Search this site





New fex version available (20071119)

Hop on over to the fex project page and download the new version.


20071119 -
  - Add nongreedy tokenizer. Same semantics of strtok_r(), but doesn't skip
    empty tokens.
  - Renamed tokenizer to split, since really that's what it was doing.
  - You can invoke the nongreedy tokenizer by using '?' as the first character
    of a {} set:
     args: :{?4,6}
     input: one:::four::six
     output: four:six

New fex version available (20071026)

Hop on over to the fex project page and download the new version.


20071026 - First major release
  - Added some tests
  - If you want to specify a different first split token, the first character 
    can be any non-digit character which is not '-' or '{'.

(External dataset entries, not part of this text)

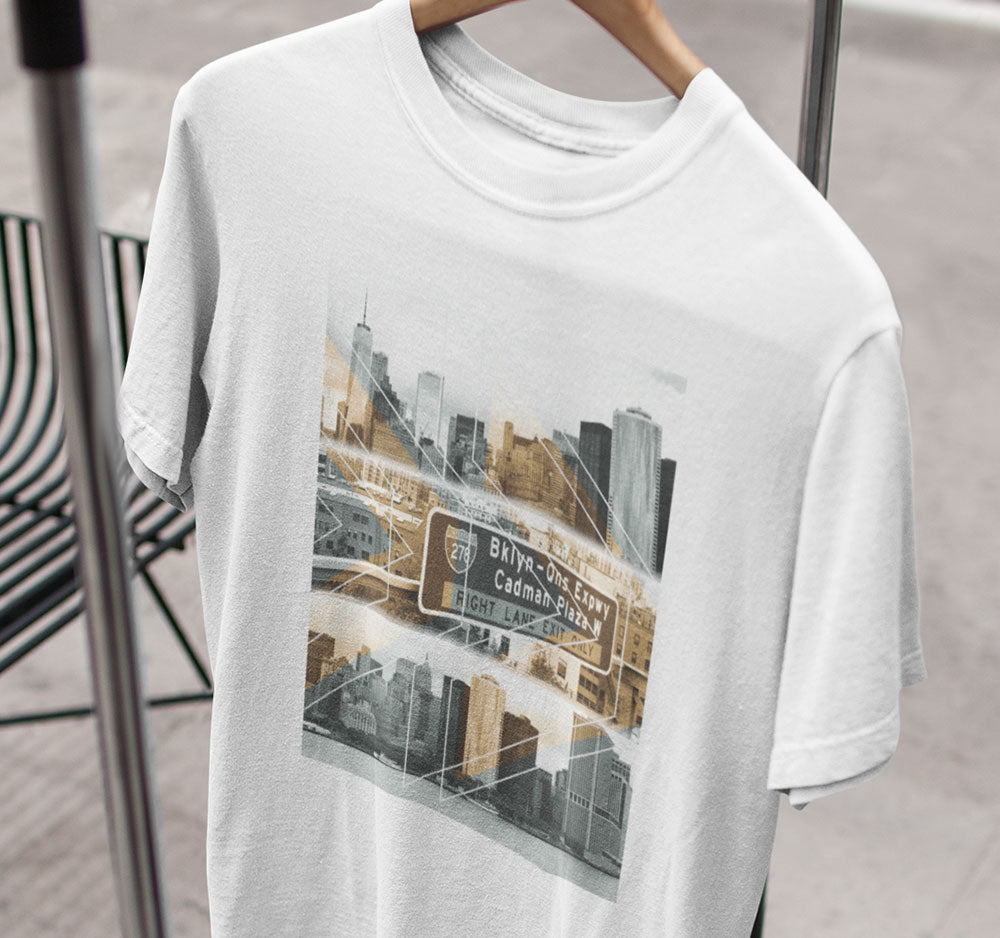 Cadman Plaza - Women Lycra Graphic T-Shirt
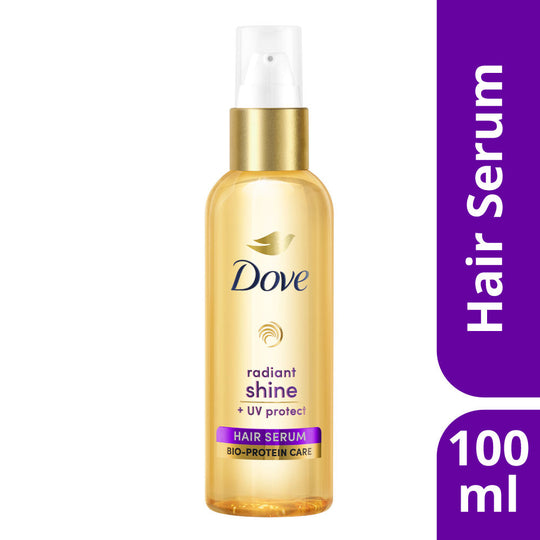 Dove Radiant Shine + UV Protect Hair Serum For Dry & Frizzy Hair, 100ml Buy at Indicrest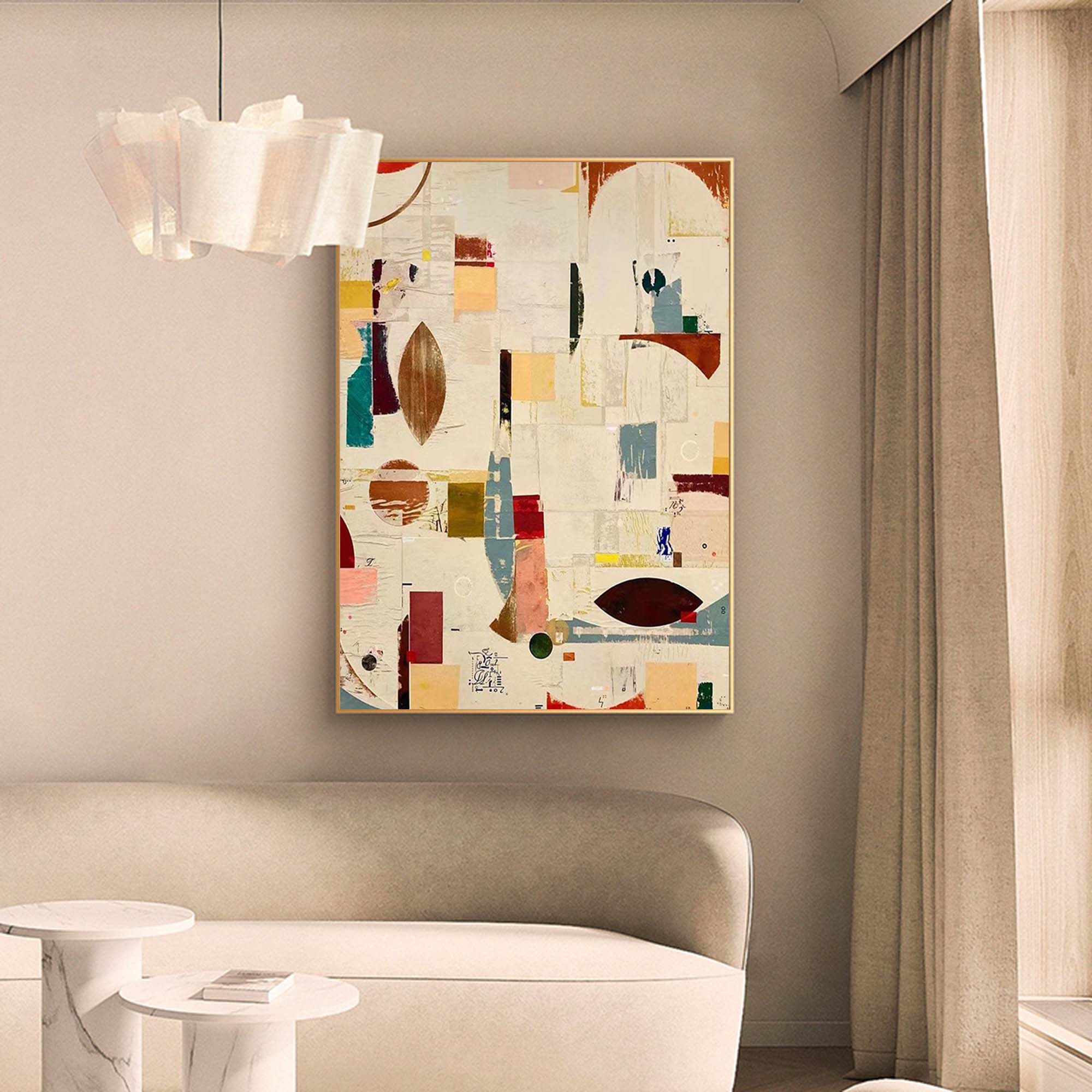 Wall Art Geometric Lyrical Abstract Pattern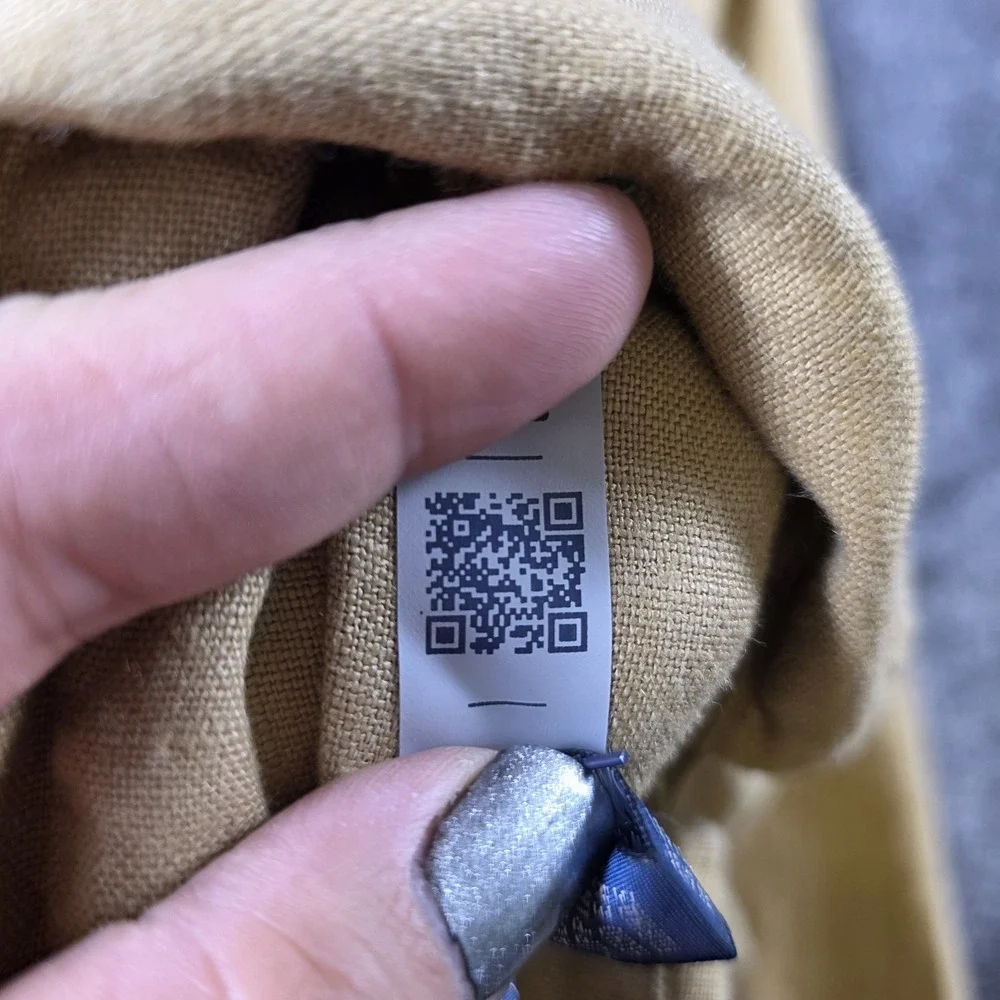 Polo Ralph Lauren Belted Linen Shirt Dress Size 12 Safari Tan Neutral Minimalist - Picture 4 of 11
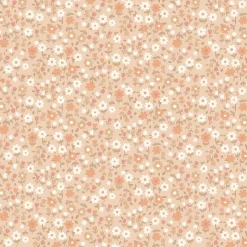 ESTAhome papier peint fleurs terracotta claire - 53 cm x 10.05 m - 139580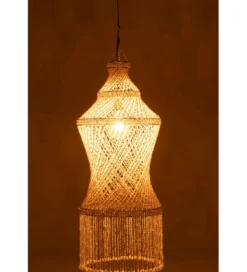 Lampa wisząca LISA shell 51 cm naturalna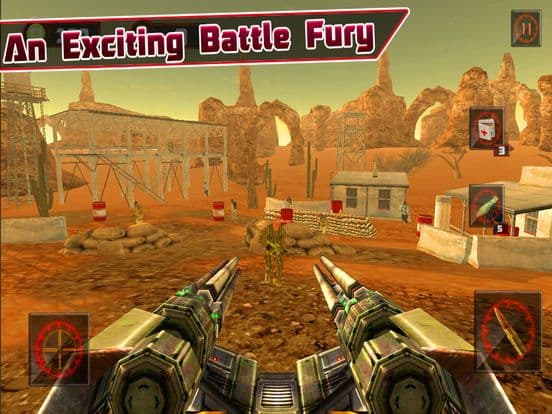 Hardcore Gunner Battle Fury shooter 3d screenshot 3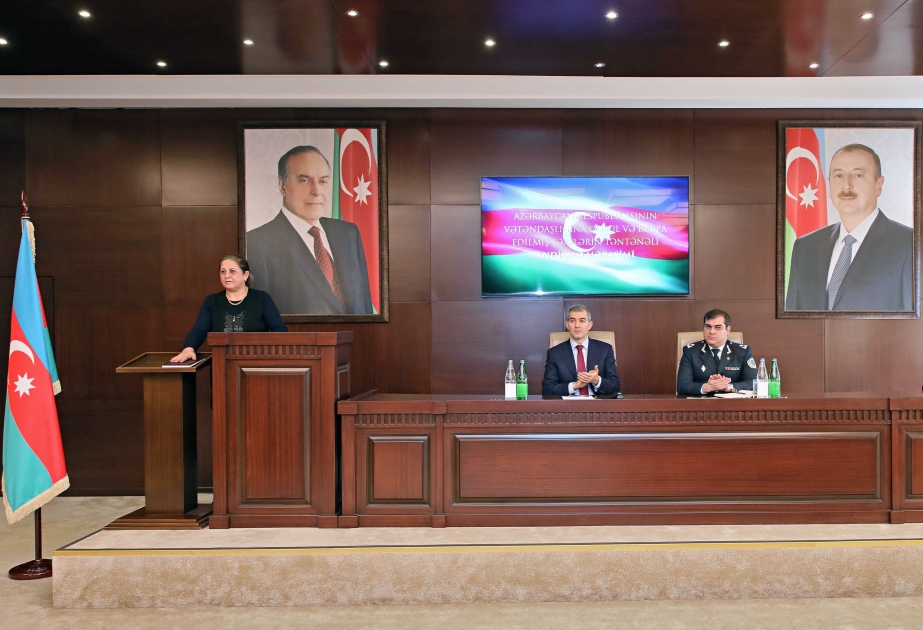 Azərbaycan vətəndaşlığına qəbul edilmiş şəxslərin andiçmə mərasimi olub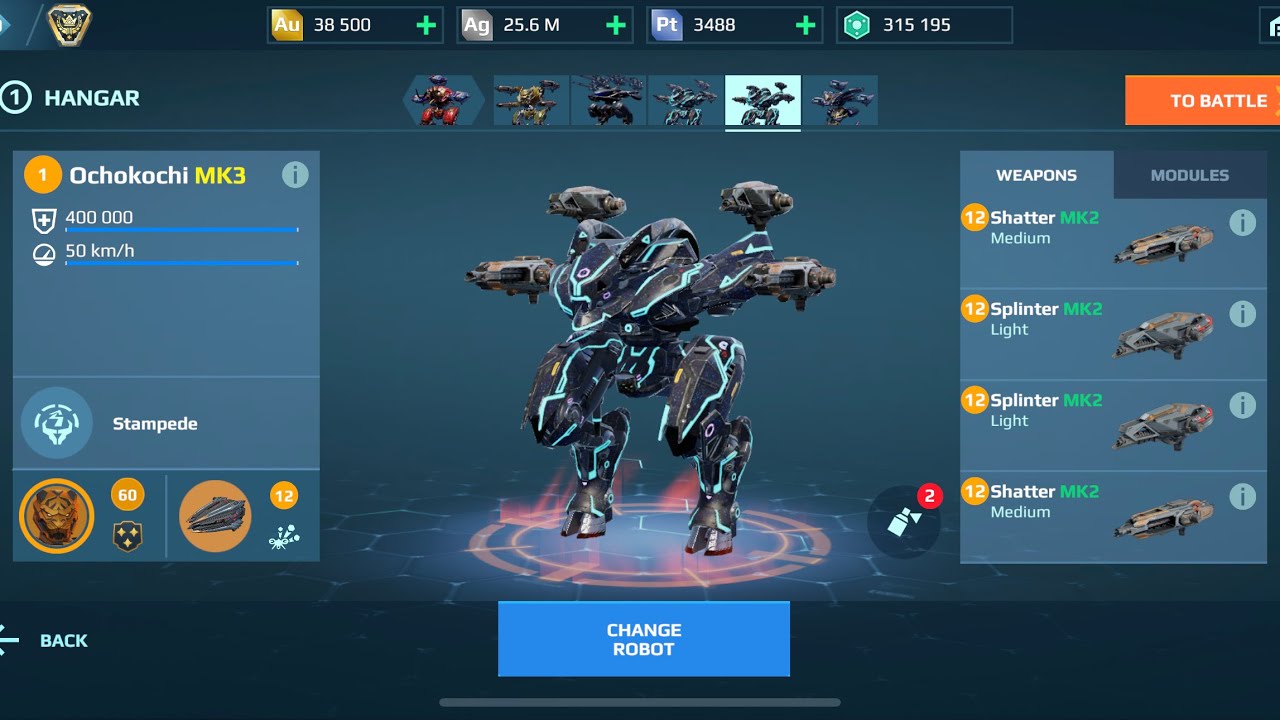 Ochokochi Combos Splinter Shatter are Op? | War Robots Gameplay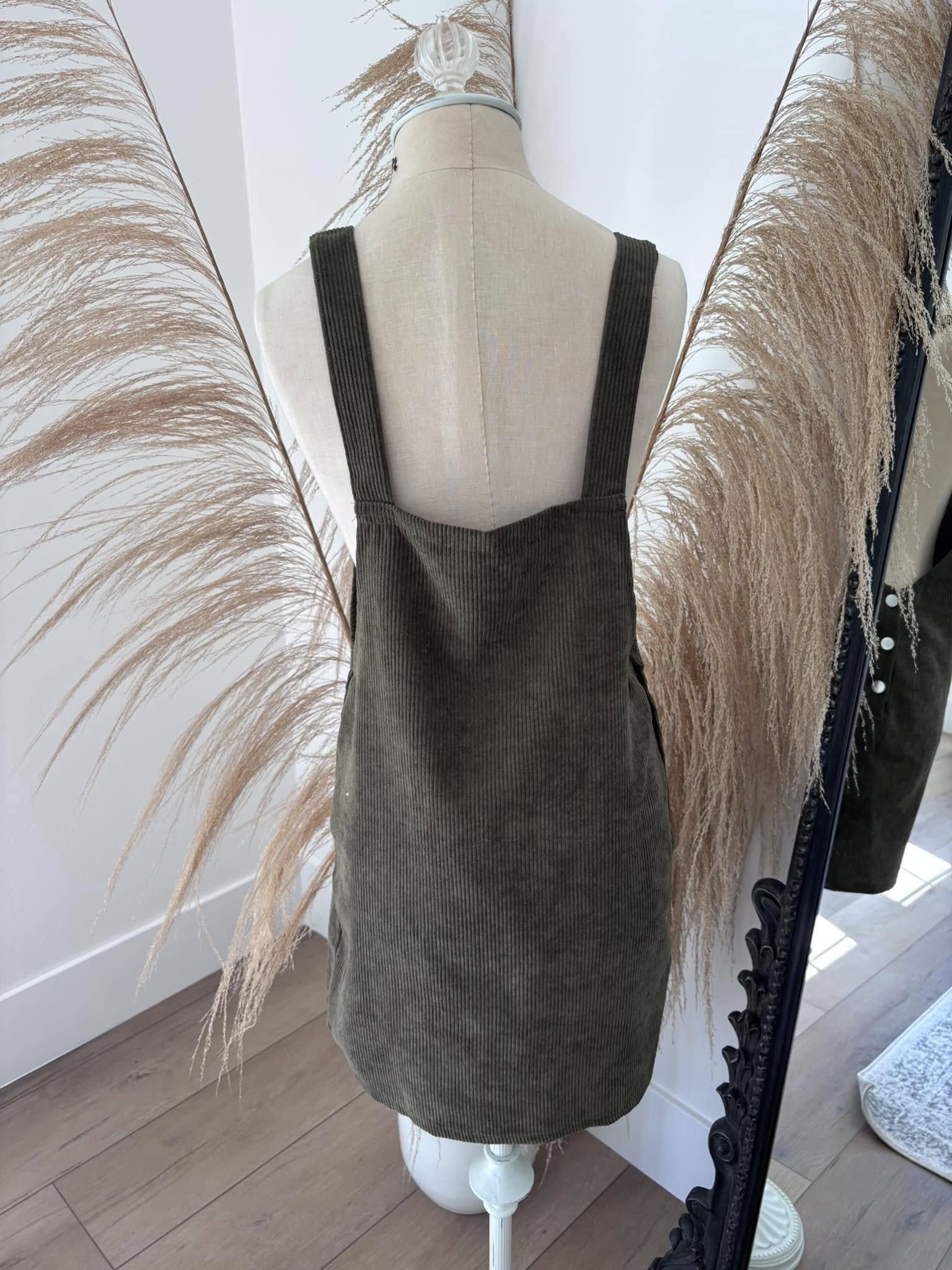 Cupshe Olive Overall Dress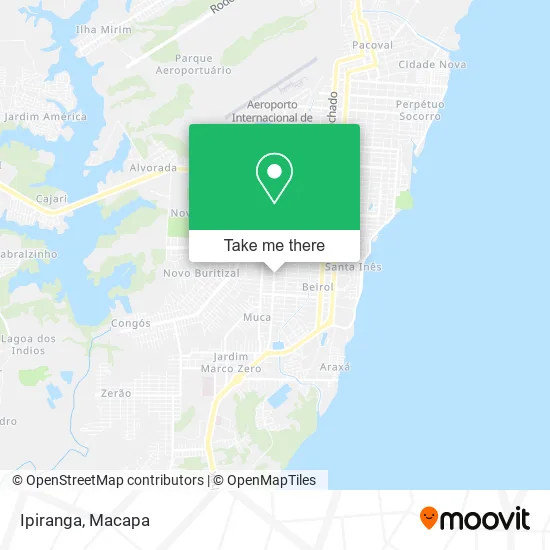 Ipiranga map
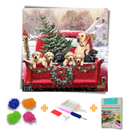 Kit Completo - Pintura em Diamantes - Cachorrinhos Natalinos
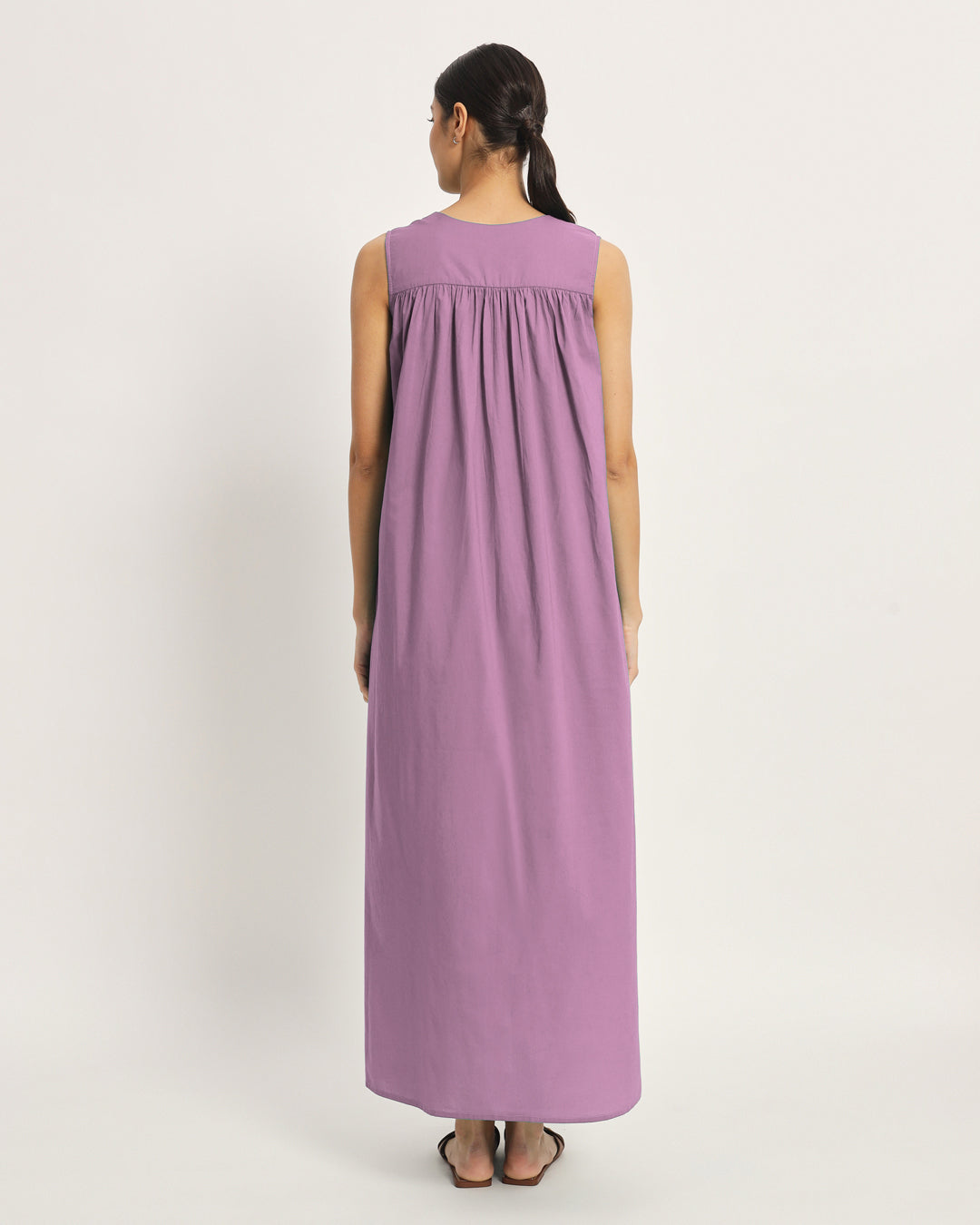 Combo: Iris Pink & Wisteria Purple Mommylicious Maternity & Nursing Dress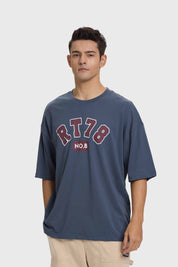 Polera Hombre College Azul Índigo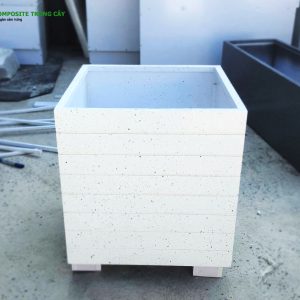 Chậu composite gỗ nhựa 40 x 40 x 40cm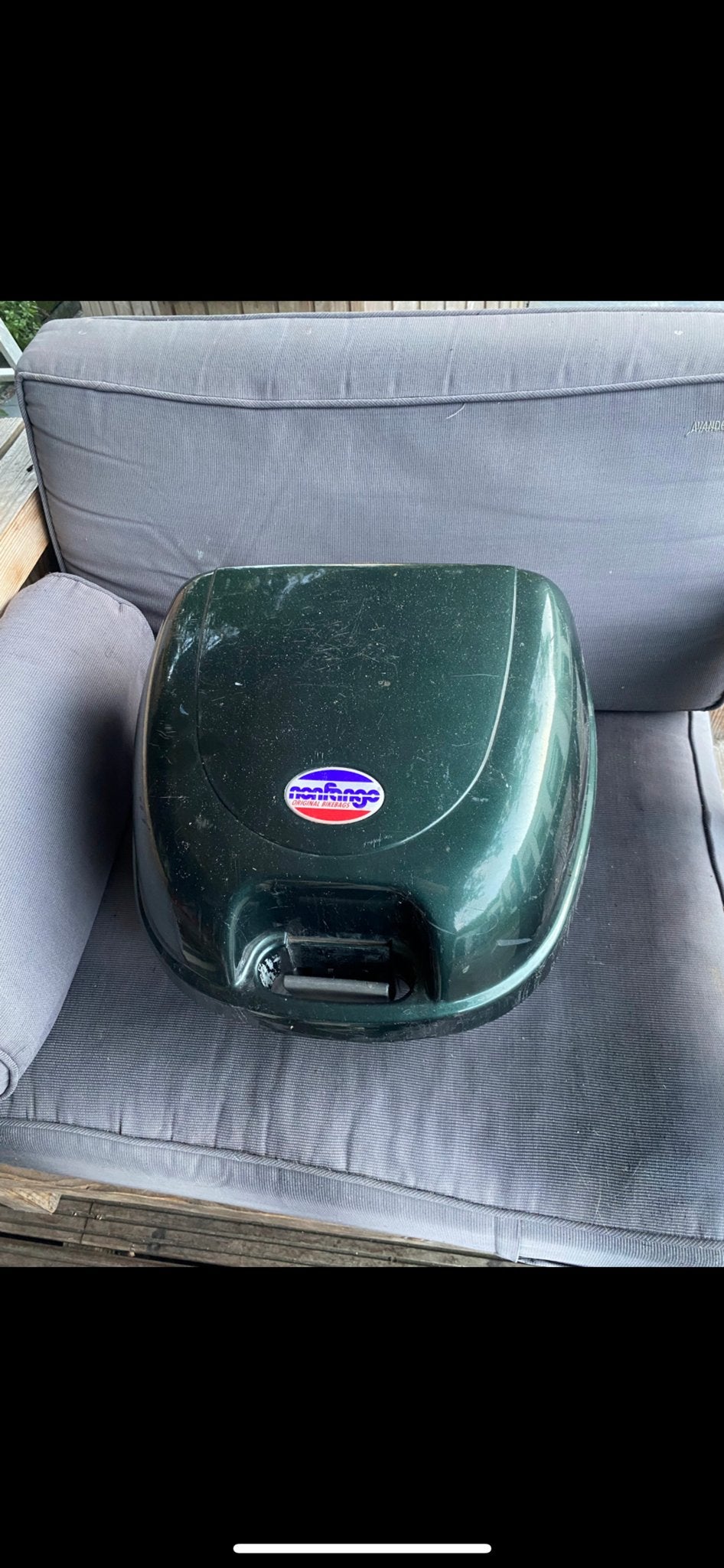 Piaggio Skr Koffer - Groen, Fietsen en Brommers, Brommeronderdelen | Scooters, Ophalen of Verzenden, Gebruikt, Overige typen, Piaggio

    These are now equivalent:
    % echo "foo/bar/baz" | fex 0/2
    % echo "foo/bar/baz" | fex /2

    Previously, this would give an error due to a design decision.

fex - field extraction tool

I recently posted about a tokenizing tool based somewhat on xapply's field extraction. I think it's polished enough for a release.


Field extraction tool

Tonight was spent implementing and extending one of my favorite features of xapply: its subfield extracting feature, aka this syntax: %[1,2:1]

The gist of this is that you specify a sequence of field number, separator, field number, separator, etc, to get some very quick tokenization to pull the specific data you want. Basically it gives you *extremely* concise syntax for the a subset of the features provided by cut(1).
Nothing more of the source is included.